RECORDS TO USE START
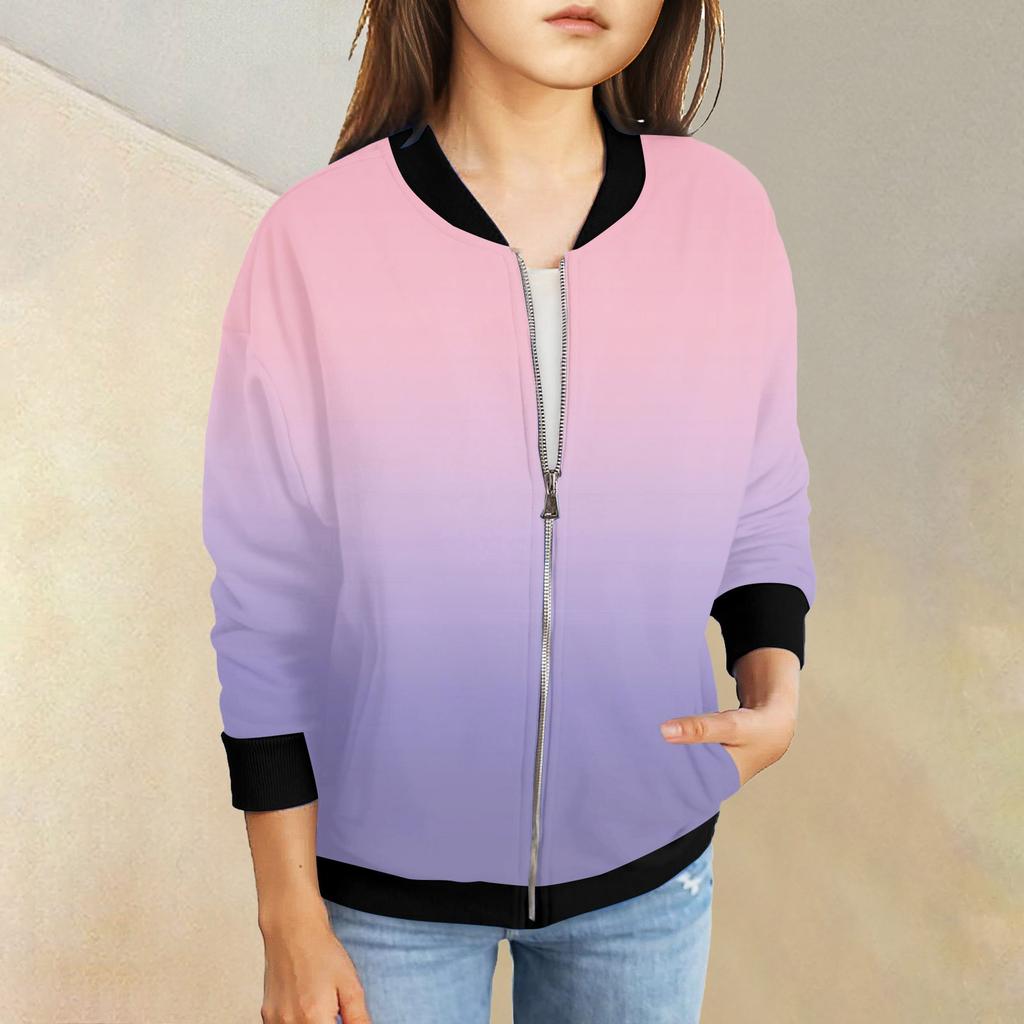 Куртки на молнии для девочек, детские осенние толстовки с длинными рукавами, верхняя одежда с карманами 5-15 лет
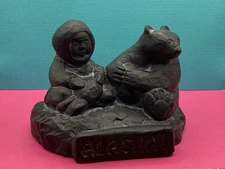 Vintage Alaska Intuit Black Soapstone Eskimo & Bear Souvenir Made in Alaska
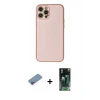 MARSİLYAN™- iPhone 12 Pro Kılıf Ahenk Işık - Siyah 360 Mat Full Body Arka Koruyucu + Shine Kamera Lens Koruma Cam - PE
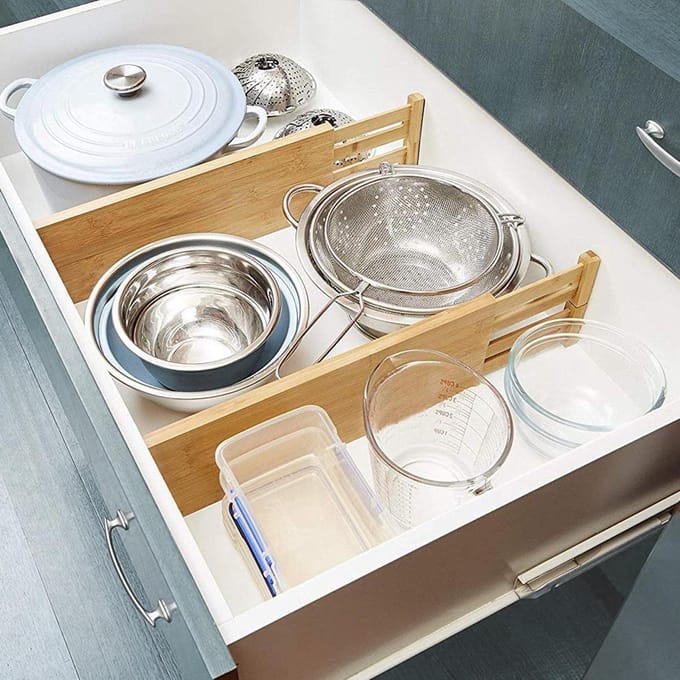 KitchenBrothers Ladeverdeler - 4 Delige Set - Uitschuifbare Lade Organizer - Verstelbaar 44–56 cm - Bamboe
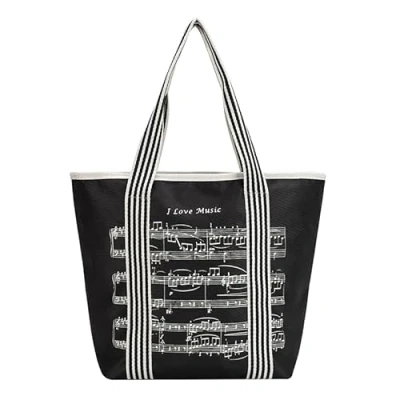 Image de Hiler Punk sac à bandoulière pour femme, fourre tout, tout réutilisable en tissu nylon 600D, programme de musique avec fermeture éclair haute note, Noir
RECORDS TO USE END
**WHAT TO PRODUCE:** In your copy, include no pictures, but reproduce all records exactly.

**RESPONSE AREA:**
 Куртки на молнии для девочек, детские осенние толстовки с длинными рукавами, верхняя одежда с карманами 5-15 лет
 Vintage Alaska Intuit Black Soapstone Eskimo & Bear Souvenir Made in Alaska
 MARSİLYAN™- iPhone 12 Pro Kılıf Ahenk Işık - Siyah 360 Mat Full Body Arka Koruyucu + Shine Kamera Lens Koruma Cam - PE
 KitchenBrothers Ladeverdeler - 4 Delige Set - Uitschuifbare Lade Organizer - Verstelbaar 44–56 cm - Bamboe
 Image de Hiler Punk sac à bandoulière pour femme, fourre tout, tout réutilisable en tissu nylon 600D, programme de musique avec fermeture éclair haute note, Noir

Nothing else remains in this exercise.